L’un et l’autre (le cavalier dans les rochers et la jeune femme dans la rivière) flottent dans l’espace procurant non pas un effet de profondeur mais d’apesanteur au milieu de la végétation, des rochers, de la rivière et des «feuilles d’or» dans le ciel qui les enveloppent. La perspective est à peine esquissée par les superpositions du paysage. L’échelle est disproportionnée. Le proche et le lointain, le haut et le bas, le dedans et le dehors se confondent. La lumière ne reflète aucune ombre et les couleurs semblent «transsubstantiées» en une couleur immatérielle.

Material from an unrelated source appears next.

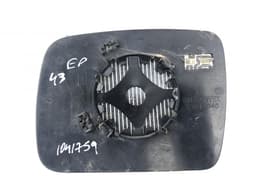 LAND ROVER LR013774 Mirror glass right LAND ROVER RANGE ROVER SPORT I (L320) (2005-2013) — thumbnail 3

Une miniature persane ces corps, ces visages dialoguant dans un paysage édénique, un jardin ou de mathématiques constructions architecturales n’est pas qu’un tableau; elle n’a pas été conçue pour être accrochée aux murs d’une église, d’un palais, d’un musée, d’un appartement; elle était dissimulée, enchâssée, enluminée dans un livre, d’où peut-être son format miniature. Bien qu’indépendante, elle est une calligraphie indissociable de l’histoire qu’elle raconte, s’écrivant dans un entre-deux, un espace intermédiaire entre la fable et l’ineffable. Tant que je n’avais pas compris cette relation, la scène de «Chîrîn au bain» demeurait muette (je ne savais pourquoi le cavalier apparaissait dans l’image) et il m’a fallu attendre de lire la traduction d’Henri Massé du «roman» de Nizami, Khosrow et Chîrîn (ou Chosroès et Chîrîn) pour commencer véritablement mon voyage.